- Assignment -
What you return must match the records below character for character, except that no picture appears.

- Supplied data -
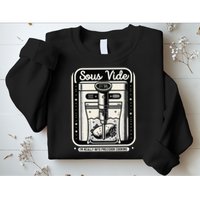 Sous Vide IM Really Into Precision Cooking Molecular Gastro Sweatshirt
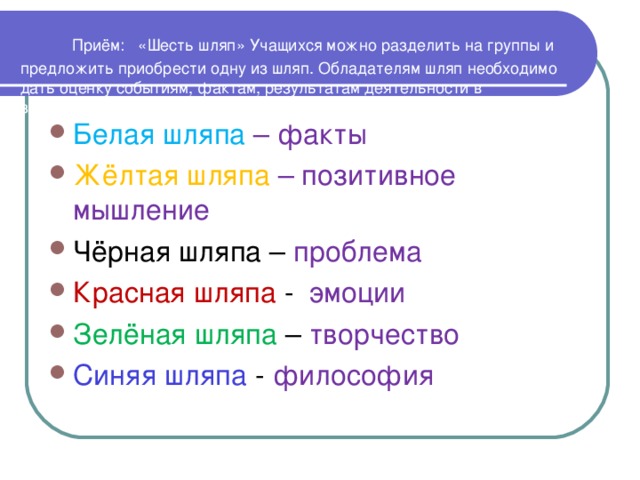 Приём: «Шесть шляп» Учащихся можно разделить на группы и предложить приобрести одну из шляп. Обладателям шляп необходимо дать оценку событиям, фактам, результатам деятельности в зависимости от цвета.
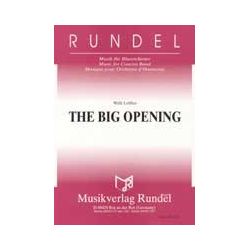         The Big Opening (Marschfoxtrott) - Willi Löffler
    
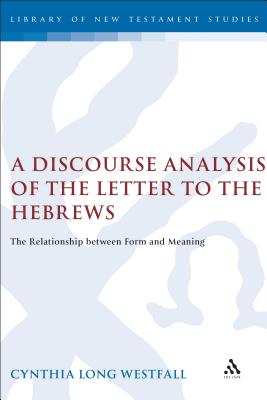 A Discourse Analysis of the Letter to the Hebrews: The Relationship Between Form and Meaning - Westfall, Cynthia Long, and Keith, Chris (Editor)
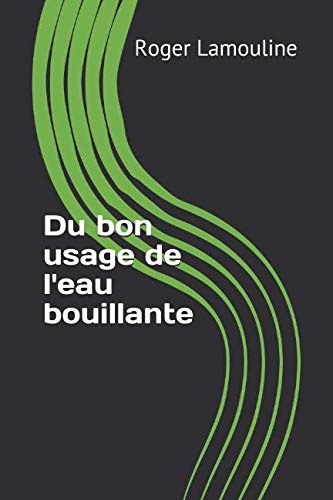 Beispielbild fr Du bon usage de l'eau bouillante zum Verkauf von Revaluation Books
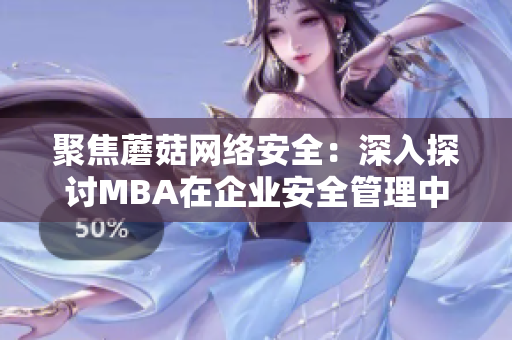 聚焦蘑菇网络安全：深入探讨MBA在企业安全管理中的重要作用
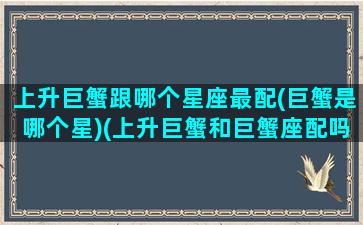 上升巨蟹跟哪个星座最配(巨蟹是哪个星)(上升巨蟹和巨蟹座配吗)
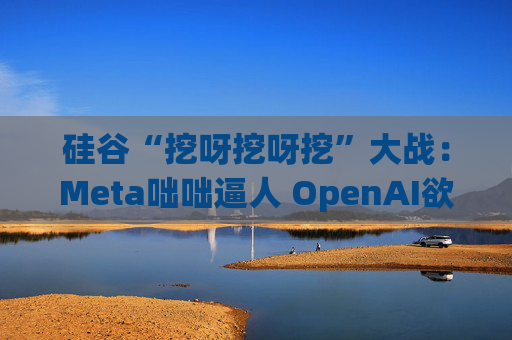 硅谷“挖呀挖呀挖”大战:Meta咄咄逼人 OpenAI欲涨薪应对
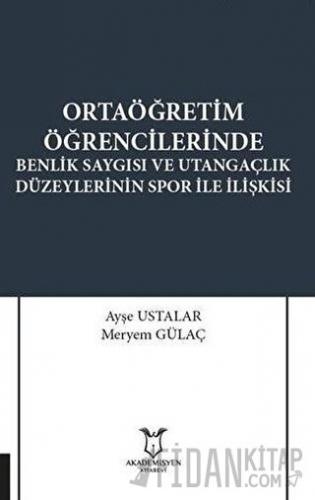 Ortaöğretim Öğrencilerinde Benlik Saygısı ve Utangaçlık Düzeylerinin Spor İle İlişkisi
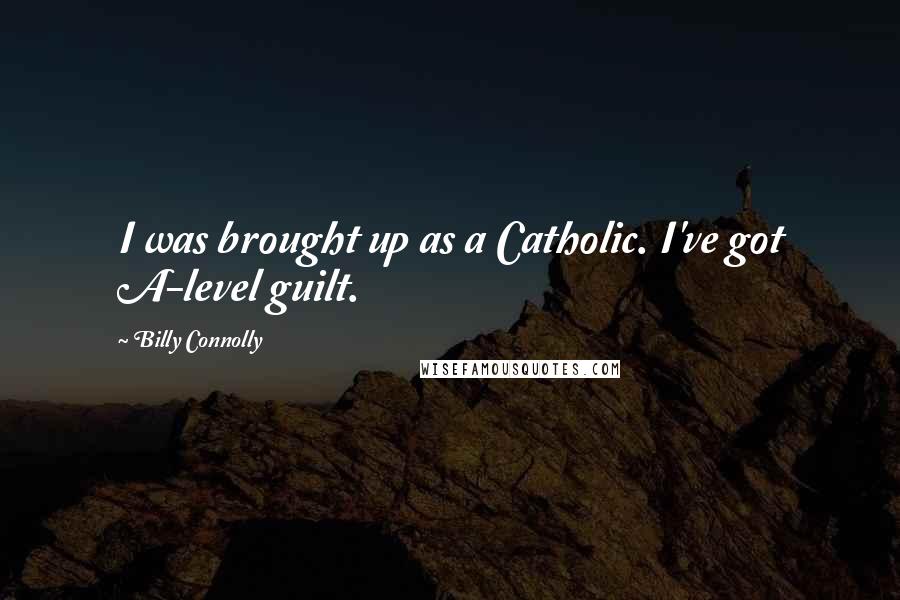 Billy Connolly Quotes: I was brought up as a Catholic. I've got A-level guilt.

- Solution -
 Sous Vide IM Really Into Precision Cooking Molecular Gastro Sweatshirt
 Приём: «Шесть шляп» Учащихся можно разделить на группы и предложить приобрести одну из шляп. Обладателям шляп необходимо дать оценку событиям, фактам, результатам деятельности в зависимости от цвета.
         The Big Opening (Marschfoxtrott) - Willi Löffler
    
 A Discourse Analysis of the Letter to the Hebrews: The Relationship Between Form and Meaning - Westfall, Cynthia Long, and Keith, Chris (Editor)
 Beispielbild fr Du bon usage de l'eau bouillante zum Verkauf von Revaluation Books
 聚焦蘑菇网络安全：深入探讨MBA在企业安全管理中的重要作用
 上升巨蟹跟哪个星座最配(巨蟹是哪个星)(上升巨蟹和巨蟹座配吗)
 硅谷“挖呀挖呀挖”大战:Meta咄咄逼人 OpenAI欲涨薪应对
 Ortaöğretim Öğrencilerinde Benlik Saygısı ve Utangaçlık Düzeylerinin Spor İle İlişkisi
 Billy Connolly Quotes: I was brought up as a Catholic. I've got A-level guilt.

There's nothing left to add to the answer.